◆ **What is being asked**: Report back every line from the entries below in which the word "Embroidered" occurs.

◆ **Records from a data collection**:
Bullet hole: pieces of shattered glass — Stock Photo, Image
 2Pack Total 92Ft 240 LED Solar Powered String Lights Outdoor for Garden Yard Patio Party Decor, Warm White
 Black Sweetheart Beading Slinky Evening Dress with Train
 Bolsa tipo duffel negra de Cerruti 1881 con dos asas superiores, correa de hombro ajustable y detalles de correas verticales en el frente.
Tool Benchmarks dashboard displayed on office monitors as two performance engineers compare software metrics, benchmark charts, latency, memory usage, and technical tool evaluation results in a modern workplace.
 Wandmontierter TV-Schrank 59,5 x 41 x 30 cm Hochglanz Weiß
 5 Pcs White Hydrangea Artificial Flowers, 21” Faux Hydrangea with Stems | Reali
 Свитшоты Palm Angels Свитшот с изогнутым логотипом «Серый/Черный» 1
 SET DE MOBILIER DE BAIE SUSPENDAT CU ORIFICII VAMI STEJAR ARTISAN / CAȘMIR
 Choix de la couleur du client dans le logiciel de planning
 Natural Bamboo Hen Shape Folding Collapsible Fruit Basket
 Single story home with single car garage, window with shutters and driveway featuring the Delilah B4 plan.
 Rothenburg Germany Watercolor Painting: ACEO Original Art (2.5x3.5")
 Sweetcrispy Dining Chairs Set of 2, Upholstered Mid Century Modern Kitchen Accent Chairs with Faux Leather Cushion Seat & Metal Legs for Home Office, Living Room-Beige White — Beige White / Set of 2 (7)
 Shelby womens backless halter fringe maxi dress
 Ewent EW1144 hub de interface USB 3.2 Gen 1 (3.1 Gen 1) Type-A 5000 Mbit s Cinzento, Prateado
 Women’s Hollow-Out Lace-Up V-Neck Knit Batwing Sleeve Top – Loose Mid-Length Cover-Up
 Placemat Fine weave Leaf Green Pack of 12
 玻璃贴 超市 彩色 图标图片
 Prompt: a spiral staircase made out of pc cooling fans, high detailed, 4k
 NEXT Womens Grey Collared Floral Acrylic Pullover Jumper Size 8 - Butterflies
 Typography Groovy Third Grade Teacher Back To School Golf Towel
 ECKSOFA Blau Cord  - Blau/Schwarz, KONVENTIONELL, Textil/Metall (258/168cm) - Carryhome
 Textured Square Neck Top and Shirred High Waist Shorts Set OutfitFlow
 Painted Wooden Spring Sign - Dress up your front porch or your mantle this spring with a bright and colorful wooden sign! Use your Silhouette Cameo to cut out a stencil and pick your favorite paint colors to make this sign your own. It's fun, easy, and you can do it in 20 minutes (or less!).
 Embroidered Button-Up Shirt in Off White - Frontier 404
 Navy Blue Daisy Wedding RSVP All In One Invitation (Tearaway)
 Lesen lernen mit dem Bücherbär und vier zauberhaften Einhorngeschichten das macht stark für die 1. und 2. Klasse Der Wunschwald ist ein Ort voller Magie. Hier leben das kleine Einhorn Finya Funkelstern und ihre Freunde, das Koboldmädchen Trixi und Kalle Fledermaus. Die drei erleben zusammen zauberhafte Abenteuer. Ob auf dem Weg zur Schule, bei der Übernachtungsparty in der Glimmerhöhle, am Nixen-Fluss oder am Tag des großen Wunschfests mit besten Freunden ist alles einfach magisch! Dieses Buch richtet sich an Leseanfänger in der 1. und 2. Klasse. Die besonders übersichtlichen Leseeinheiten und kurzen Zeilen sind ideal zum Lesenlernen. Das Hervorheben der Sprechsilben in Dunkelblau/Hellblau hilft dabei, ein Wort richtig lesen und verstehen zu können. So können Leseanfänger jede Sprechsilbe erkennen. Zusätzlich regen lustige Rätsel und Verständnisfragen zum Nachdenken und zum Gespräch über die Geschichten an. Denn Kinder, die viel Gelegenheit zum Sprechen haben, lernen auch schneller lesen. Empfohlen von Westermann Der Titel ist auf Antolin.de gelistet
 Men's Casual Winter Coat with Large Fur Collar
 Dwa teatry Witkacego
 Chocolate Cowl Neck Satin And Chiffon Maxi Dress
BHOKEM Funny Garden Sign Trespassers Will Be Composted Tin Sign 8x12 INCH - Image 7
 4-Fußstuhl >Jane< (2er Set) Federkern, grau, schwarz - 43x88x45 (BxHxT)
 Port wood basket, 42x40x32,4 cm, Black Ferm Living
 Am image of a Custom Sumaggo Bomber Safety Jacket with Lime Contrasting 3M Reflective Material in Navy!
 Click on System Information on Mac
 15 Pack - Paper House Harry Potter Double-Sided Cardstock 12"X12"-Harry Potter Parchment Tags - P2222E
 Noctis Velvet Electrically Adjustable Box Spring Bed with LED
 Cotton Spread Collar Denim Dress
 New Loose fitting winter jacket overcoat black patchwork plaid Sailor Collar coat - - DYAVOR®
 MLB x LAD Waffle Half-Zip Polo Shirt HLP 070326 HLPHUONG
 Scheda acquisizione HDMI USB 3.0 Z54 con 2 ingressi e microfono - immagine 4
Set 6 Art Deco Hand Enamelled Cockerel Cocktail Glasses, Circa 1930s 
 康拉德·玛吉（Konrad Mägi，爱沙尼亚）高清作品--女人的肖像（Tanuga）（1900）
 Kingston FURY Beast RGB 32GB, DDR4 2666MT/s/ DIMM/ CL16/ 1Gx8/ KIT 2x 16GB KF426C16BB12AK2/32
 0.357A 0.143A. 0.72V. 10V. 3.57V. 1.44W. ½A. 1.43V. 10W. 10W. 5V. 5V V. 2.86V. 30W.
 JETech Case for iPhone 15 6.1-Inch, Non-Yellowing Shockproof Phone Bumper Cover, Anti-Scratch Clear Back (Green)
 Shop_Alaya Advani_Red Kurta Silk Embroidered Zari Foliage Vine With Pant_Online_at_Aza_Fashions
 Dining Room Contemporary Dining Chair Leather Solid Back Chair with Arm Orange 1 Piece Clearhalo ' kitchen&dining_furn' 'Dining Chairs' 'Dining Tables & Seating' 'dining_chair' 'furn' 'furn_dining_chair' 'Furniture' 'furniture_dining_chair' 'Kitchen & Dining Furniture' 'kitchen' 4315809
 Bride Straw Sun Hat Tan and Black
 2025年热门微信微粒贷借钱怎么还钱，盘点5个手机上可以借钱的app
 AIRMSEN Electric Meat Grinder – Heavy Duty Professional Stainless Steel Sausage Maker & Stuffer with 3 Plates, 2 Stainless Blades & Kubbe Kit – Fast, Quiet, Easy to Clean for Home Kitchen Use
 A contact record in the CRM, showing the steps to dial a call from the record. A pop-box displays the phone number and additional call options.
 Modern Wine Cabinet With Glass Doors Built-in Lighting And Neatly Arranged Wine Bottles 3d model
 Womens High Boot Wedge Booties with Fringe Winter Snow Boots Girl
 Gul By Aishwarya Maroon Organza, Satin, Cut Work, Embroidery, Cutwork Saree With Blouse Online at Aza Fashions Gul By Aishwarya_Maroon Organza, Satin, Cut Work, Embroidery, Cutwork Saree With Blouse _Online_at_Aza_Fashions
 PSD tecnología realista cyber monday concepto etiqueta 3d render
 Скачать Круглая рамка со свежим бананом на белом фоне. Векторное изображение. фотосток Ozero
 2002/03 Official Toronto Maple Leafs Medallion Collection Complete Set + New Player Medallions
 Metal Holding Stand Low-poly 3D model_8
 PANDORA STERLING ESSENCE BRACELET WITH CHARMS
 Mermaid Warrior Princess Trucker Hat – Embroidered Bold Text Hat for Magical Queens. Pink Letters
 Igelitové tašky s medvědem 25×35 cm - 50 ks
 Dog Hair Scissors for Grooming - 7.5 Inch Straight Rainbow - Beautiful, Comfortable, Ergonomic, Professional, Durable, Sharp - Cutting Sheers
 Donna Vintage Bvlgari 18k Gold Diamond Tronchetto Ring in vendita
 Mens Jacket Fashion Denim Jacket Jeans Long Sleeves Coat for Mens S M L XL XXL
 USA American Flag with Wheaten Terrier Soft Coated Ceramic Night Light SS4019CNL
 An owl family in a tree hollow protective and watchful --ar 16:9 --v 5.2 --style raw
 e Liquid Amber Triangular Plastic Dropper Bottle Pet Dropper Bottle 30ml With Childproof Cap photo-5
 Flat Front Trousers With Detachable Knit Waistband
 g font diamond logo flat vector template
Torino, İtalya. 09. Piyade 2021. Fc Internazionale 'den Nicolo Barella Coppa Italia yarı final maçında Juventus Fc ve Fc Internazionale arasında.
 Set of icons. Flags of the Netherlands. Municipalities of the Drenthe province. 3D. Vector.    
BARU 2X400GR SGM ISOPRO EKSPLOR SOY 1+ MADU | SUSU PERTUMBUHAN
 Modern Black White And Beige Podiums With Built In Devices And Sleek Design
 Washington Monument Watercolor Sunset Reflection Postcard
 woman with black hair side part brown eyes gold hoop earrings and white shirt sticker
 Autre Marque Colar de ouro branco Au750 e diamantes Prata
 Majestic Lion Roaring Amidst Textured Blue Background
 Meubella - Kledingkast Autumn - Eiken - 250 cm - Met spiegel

◆ **Output of the task**:
 Embroidered Button-Up Shirt in Off White - Frontier 404
 Shop_Alaya Advani_Red Kurta Silk Embroidered Zari Foliage Vine With Pant_Online_at_Aza_Fashions
 Mermaid Warrior Princess Trucker Hat – Embroidered Bold Text Hat for Magical Queens. Pink Letters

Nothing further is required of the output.